Так что Кокотову было не до зеленой купюры. А потом он, к ужасу Светланы Егоровны, женился на первой же забеременевшей от него однокурснице, с которой сошелся на летней педагогической практике в пионерском лагере «Березка». Звали избранницу Лена Обиход. Но брак был недолгим, вскоре он вернулся к матери, а спустя пять лет преподнес ей свою первую книжку, повесть «Бойкот» — про школьников, взбунтовавшихся против учителя, который препятствовал развитию самоуправления в классе. Глупость, конечно! Самоуправление в школе такая же нелепость, как коллегиальность на операционном столе. Писатель Свиблов этого не понимал, а учитель Кокотов очень скоро понял. Но такое тогда было время — 1986-й год, перестройка! Свобода уже проникла в Отечество, но вела себя еще довольно скромно, точно опытный домушник: осторожно, бесшумно она обходила ночное жилище, примечая, где что лежит, прикидывая, что брать в первую очередь, а что во вторую, и нежно поигрывала в кармане «ножом-выкидушкой» — на случай, если проснутся хозяева…

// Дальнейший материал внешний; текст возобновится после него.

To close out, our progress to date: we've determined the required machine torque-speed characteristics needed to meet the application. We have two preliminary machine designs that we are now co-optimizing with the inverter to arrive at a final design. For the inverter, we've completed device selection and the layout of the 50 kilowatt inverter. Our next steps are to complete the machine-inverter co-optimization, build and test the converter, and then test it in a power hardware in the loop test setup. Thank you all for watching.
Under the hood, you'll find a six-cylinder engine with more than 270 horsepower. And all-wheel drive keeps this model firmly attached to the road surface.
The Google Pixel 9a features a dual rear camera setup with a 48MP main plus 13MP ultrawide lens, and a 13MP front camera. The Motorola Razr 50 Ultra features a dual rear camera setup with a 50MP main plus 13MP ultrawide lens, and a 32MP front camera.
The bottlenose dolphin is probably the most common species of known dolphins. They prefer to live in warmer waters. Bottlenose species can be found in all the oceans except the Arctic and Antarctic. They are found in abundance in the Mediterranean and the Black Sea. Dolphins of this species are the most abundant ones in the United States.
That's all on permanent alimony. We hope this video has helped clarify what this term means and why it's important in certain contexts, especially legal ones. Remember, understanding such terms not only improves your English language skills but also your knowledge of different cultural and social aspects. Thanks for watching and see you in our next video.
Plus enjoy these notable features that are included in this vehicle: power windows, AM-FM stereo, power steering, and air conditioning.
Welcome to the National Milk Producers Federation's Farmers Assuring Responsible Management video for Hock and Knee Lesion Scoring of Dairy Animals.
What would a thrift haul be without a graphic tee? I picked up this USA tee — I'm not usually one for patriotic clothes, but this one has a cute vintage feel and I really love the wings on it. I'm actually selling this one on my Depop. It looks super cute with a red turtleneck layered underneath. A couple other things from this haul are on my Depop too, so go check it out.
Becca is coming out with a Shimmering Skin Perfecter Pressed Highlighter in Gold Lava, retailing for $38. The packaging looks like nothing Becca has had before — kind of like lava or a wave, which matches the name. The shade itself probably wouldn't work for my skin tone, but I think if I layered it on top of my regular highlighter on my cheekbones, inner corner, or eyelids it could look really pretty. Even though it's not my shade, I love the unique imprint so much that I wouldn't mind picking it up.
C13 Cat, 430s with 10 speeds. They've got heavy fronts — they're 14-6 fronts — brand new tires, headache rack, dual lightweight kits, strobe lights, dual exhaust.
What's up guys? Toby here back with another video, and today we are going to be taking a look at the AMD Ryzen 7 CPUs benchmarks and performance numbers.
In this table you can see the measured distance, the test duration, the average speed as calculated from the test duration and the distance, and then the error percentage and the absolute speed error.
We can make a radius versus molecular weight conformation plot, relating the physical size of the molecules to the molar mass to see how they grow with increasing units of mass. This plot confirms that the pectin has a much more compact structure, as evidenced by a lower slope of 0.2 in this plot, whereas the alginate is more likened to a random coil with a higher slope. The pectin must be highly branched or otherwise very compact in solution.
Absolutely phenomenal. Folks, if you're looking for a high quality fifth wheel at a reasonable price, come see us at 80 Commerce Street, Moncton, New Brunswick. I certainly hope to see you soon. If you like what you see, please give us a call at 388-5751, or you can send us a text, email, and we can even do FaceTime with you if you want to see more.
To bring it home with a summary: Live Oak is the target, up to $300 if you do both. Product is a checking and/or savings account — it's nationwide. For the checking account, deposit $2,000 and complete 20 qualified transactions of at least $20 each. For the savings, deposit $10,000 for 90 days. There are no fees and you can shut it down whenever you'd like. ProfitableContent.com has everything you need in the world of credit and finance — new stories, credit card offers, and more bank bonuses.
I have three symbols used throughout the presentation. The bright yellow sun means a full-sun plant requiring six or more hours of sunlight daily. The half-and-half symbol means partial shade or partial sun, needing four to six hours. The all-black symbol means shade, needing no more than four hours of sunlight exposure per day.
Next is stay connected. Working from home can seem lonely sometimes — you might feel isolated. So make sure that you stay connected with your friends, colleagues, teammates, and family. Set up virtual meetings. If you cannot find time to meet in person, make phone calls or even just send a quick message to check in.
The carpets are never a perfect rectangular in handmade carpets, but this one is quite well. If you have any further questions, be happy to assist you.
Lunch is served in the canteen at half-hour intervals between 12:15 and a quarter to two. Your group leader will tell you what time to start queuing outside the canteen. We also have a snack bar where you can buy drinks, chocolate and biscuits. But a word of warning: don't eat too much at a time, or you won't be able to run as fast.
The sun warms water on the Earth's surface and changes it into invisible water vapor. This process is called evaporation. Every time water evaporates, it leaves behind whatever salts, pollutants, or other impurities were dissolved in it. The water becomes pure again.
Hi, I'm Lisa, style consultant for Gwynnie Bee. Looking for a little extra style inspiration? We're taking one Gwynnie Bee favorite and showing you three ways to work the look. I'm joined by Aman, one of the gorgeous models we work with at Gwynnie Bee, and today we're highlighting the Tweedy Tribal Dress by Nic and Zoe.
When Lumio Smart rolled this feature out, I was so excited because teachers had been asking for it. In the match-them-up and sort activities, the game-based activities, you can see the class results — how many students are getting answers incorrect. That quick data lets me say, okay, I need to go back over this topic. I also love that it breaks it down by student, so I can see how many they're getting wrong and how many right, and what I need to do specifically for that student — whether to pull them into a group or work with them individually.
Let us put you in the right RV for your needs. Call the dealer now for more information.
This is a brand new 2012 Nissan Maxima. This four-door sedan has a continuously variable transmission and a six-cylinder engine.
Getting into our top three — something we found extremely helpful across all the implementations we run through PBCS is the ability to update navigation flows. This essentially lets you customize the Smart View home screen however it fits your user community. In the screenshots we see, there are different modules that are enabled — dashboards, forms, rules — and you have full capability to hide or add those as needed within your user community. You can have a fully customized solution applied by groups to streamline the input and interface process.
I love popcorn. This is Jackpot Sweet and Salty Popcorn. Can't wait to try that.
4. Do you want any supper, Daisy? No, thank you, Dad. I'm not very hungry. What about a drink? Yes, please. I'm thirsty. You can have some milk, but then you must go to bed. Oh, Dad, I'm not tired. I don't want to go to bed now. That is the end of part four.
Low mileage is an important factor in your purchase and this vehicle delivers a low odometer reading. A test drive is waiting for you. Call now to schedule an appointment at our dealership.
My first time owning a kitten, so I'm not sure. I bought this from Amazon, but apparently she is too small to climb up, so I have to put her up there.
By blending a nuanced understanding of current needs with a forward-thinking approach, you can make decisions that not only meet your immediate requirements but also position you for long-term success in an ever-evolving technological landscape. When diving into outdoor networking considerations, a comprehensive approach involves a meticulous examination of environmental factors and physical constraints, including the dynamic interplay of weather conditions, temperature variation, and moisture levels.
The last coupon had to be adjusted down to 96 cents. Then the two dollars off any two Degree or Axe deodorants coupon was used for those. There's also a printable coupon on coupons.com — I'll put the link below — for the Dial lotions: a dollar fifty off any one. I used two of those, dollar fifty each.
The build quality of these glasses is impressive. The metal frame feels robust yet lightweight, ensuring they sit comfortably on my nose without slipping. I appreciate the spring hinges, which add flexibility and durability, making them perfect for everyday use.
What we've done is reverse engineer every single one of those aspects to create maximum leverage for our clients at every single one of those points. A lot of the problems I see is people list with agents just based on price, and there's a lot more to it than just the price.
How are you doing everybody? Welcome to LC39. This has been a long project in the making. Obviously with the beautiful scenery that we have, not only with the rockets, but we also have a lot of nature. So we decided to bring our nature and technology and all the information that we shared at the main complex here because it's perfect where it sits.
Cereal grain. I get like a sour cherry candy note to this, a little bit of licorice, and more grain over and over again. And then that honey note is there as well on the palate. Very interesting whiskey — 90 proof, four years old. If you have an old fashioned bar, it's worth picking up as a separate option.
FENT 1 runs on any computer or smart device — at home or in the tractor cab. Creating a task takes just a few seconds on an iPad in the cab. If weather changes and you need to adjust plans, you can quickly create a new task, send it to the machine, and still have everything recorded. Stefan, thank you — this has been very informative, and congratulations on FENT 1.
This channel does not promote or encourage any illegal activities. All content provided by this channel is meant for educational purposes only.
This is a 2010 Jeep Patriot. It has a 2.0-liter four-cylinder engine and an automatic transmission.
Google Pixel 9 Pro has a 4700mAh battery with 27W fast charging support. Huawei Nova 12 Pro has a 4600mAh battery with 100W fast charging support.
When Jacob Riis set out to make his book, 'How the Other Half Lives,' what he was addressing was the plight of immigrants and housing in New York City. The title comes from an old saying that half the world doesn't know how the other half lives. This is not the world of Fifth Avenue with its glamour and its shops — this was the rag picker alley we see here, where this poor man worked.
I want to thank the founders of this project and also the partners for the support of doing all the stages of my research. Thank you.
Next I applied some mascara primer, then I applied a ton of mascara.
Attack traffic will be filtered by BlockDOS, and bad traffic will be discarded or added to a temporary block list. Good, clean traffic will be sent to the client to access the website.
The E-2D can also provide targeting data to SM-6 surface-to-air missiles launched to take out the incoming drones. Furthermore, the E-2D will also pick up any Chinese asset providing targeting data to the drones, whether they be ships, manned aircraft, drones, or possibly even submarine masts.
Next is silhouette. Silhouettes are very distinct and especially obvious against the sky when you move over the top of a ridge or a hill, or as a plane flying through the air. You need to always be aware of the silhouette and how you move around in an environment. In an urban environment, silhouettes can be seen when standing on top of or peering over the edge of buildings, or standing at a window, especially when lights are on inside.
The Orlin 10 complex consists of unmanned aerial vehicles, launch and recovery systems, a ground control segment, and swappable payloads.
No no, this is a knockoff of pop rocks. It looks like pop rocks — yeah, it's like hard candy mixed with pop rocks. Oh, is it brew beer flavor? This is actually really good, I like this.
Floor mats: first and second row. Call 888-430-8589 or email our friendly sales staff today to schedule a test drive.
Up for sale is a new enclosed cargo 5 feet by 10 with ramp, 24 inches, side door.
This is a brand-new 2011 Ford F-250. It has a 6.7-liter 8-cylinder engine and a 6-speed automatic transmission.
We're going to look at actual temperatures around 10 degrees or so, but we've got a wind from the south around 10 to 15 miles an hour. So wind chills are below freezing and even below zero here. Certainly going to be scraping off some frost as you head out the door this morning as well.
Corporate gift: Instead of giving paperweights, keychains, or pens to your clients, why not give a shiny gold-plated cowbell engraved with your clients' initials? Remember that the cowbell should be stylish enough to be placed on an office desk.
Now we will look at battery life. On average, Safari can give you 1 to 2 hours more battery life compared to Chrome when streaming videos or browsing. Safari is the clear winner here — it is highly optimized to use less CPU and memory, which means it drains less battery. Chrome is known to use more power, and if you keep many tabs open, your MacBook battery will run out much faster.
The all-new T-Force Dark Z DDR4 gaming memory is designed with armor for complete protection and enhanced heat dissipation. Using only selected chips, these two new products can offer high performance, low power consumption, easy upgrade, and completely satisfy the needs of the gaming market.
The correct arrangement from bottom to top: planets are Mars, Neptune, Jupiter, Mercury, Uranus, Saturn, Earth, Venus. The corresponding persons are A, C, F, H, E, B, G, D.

Увидев фотографию сына на обложке, Светлана Егоровна расплакалась, стала целовать странички и даже испачкала губы свежей типографской краской. Потом повесть похвалил в отчетном докладе тогдашний главный литературный начальник Георгий Мокеевич Марков, человек неглупый и, что самое удивительное, внимательно читавший своих собратьев по перу, даже начинающих. Кокотова всем на зависть быстро, без проволочек приняли в Союз писателей.
Гладя тисненное золотом писательское удостоверение, выданное сыну, мать снова расплакалась (позже Кокотов прочел в журнале «Здрав-инфо», что чрезмерная слезливость — признак надвигающегося инсульта) и в воскресенье повезла сына на Немецкое кладбище к своим рано умершим родителям. «Вот, смотрите! — гордо объявила она. — Ваш внук — настоящий писатель!» Из впечатанных в рябой гранит овальных рамок напряженно глядели фотографические останки людей, когда-то живших, работавших, любивших, рожавших. Казалось, они изнурительно думают о том, почему, почему бесконечная жизнь может вдруг вот так взять и замереть между двумя датами, выбитыми на камне. Кто же знал тогда, что всего через несколько лет на памятнике появится еще один портретный овал, и Светлана Егоровна, обретя блаженство там, под землей, или на небе (Кокотов это для себя еще не решил), вдоволь наговорится со своими родителями об Андрюшиных блестящих успехах.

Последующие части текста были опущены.